第166話 法被

 放課後、書き上がった招待状を投函しにいく。

 段ボール箱一杯に詰めた封書を、南牟礼さんと一緒に文香に乗って郵便局まで運んだ。


「文香先輩の中って、こんな感じなんですね」

 文香で道路を走りながら南牟礼さんが言う。


「包まれてる安心感っていうか、ここにいると無敵な感じがします」

 南牟礼さんが文香を褒めるから、文香が興奮していつもより余計にエンジンを吹かした。

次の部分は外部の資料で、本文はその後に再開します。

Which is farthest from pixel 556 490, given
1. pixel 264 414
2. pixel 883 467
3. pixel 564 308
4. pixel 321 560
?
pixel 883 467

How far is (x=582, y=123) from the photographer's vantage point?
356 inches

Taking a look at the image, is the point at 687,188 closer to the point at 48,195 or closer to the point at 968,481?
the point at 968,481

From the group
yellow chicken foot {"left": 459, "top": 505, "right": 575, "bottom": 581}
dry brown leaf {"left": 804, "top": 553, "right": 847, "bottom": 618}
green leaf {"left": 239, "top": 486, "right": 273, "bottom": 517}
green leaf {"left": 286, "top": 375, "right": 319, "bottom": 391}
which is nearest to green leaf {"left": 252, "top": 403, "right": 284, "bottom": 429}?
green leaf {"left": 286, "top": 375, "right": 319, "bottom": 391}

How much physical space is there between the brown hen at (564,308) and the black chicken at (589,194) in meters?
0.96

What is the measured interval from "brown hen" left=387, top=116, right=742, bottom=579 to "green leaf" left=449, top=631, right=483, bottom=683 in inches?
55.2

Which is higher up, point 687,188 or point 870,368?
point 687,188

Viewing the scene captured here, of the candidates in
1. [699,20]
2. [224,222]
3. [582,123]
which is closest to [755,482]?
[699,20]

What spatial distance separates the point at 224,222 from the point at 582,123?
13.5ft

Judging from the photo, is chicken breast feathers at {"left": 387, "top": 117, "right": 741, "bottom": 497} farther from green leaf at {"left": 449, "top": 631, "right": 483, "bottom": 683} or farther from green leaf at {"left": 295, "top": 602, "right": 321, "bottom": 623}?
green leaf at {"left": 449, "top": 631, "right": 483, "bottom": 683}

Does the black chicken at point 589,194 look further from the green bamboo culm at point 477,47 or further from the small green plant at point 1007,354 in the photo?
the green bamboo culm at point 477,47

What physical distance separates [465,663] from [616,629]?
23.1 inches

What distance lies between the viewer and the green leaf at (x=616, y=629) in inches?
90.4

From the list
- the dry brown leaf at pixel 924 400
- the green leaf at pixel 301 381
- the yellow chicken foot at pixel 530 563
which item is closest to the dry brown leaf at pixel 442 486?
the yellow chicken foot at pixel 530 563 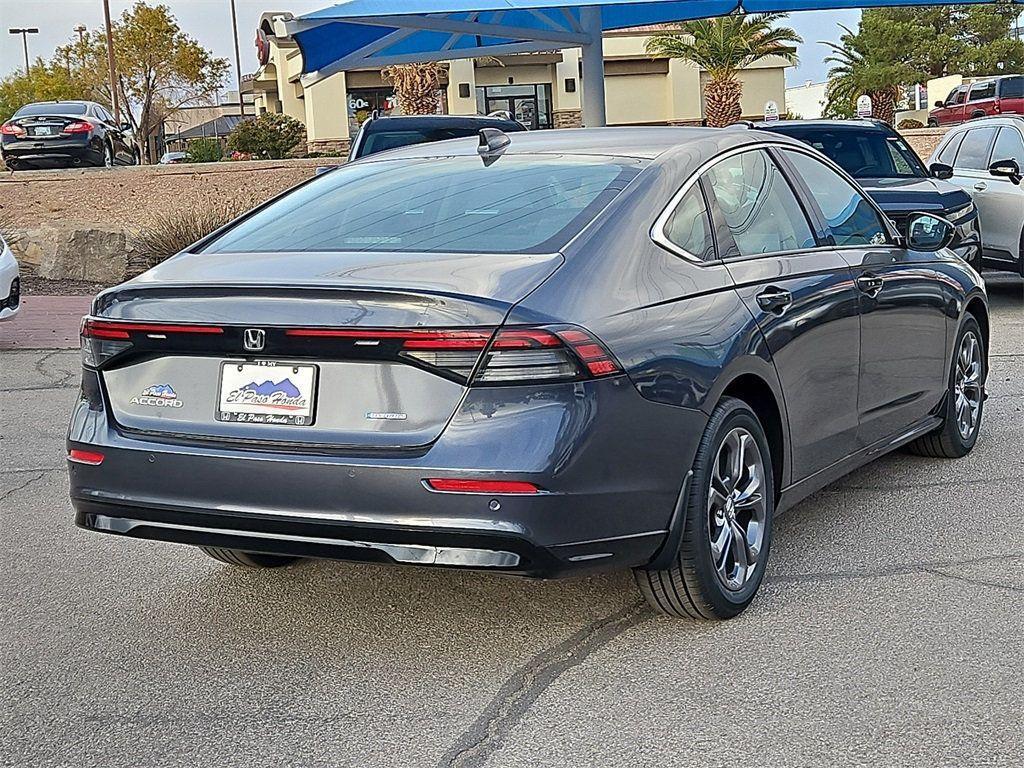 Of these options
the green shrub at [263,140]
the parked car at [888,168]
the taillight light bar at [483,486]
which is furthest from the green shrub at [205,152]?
the taillight light bar at [483,486]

 ガス欠で帰れなくなると困るから、褒めるのも浮かれるのもほどほどににして欲しい。



 南牟礼さんは、俺の膝に座っていた。


 文香の車内には座席がここしかないから、必然的にこうなった。

 狭い車内で、俺は南牟礼さんを抱っこしてる感じになる。

 南牟礼さんの後頭部が俺の顔のすぐ下にあって、髪が俺の鼻をくすぐった。


 っていうか、南牟礼さん、警戒心なさすぎだろ。


 俺にすっかり体を預けて、足をぶらぶらさせる制服姿の南牟礼さん。

 遊園地の乗り物に夢中な子供みたいだった。


 滑り落ちるといけないから俺が南牟礼さんの腰の辺りに手を添えてるけど、彼女はそれを全然気にしていない。

 狭い文香の車長席で、ここはある種の密室と言える。

 そこに若い男女が二人きりでいて、密着しているのだ。

 俺が豹変ひょうへんして襲いかかったらどうしようとか、考えないんだろうか?


 いや、襲わないけど。

 豹変もしないけど。


 ここは文香の中だし(外でも襲わないけど)。


 とにかく、まるで警戒心がない南牟礼さんを膝に乗せてると、妹の百萌の小さい頃を思い出した。

 百萌は、隙あらば俺の膝に乗ってきた。

 そんな百萌が南牟礼さんに重なる。


 その誘惑に耐えられなくなって、とりあえず頭をなでなでしておいた。

 なでなでするとふにゃってなる感じまで、百萌と一緒だ。



 大量の郵便物を一度に出したのにも関わらず、郵便局の人は嫌な顔一つせずにそれらを受け取ってくれた。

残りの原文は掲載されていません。